AGC National Economist Ken Simonson cited double digit construction employment growth of nearly 14 percent this year after Nevada suffered through a five-year recession which chopped 17,000 construction jobs in the region. But finding and retaining employees to re-fill that gap will be a challenge.
“Material costs look to be fairly flat in 2015,” Simonson said. “Employment costs and the availability of workers will be issues in the coming year.”
Simonson noted that a September survey of 1,100 AGC firms found that 83 percent will be seeking to find employees in one or more craft sectors and that 62 percent will be seeking professional or management positions with their firms during 2015. Construction worker pay in Nevada averages $51,400, 20 percent more than all private sector employees in the state.
Brian Bonnenfant, Project Manager for the Center for Regional Studies at the University of Nevada, concurred that the search for employees will be a key issue for Nevada’s construction and non-construction firms in the coming year.
“Since the recession peaked in 2006, we have to replace 22,800 lost jobs,” Bonnenfant said. “That is what is expected to be replaced by the Tesla plant, but there are other jobs creators coming to the market.”

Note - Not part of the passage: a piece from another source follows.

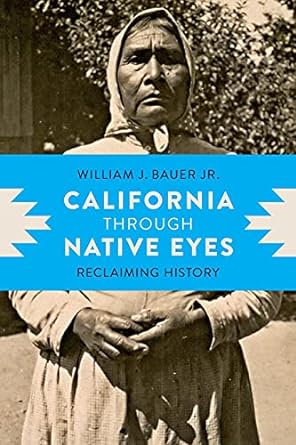 california through native eyes reclaiming history 1st edition william j bauer 0295998350, 978-0295998350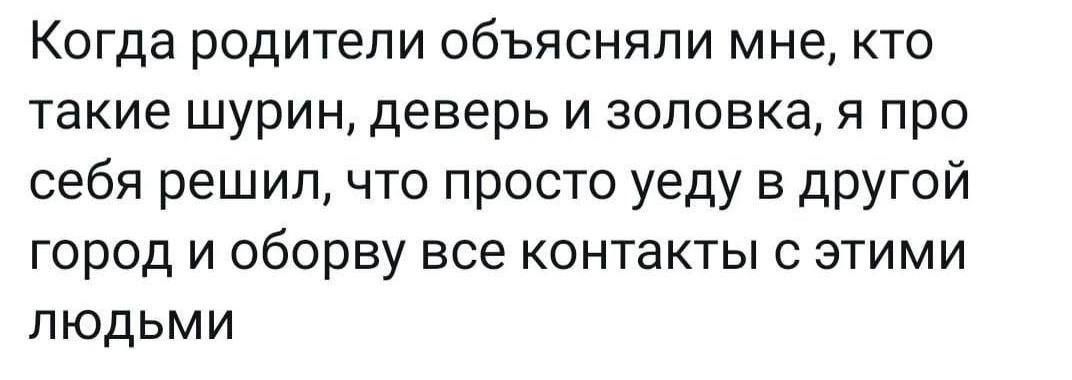 Когда родители объясняли мне, кто такие шурин, деверь и золовка, я про себя решил, что просто уеду в другой город и оборву все контакты с этими людьми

Bonnenfant said the slow but steady job recovery has had one glitch, 31 percent of the area’s jobs have wages that are not keeping up with the rate of inflation.
He said Reno’s image issue is being positively influenced by the Tesla announcement, as well as efforts to get potential businesses “on the ground” to visit the area first-hand.
“Getting them on site, in the community, has really changed their perception of Reno,” he said
While public sector infrastructure should see flat growth in the coming year, three macro issues will be fueling major private construction work nationally in the next 12-18 months, Simonson said.
Multi-family housing will be a growth area as young adults are not buying first homes due to job locations in high-cost urban areas and many are coming out of college with high debt, he said. Lower fertility rates and a generation that is waiting to get married is keeping first-time and move-up buyers out of the single-family housing marketplace.
The shale oil boom will continue to fuel jobs in the construction sector nationally with well field preparation, road and pipeline construction projects. The nation will also see more petrochemical plants being built and natural gas power plants as a result of increased national energy production.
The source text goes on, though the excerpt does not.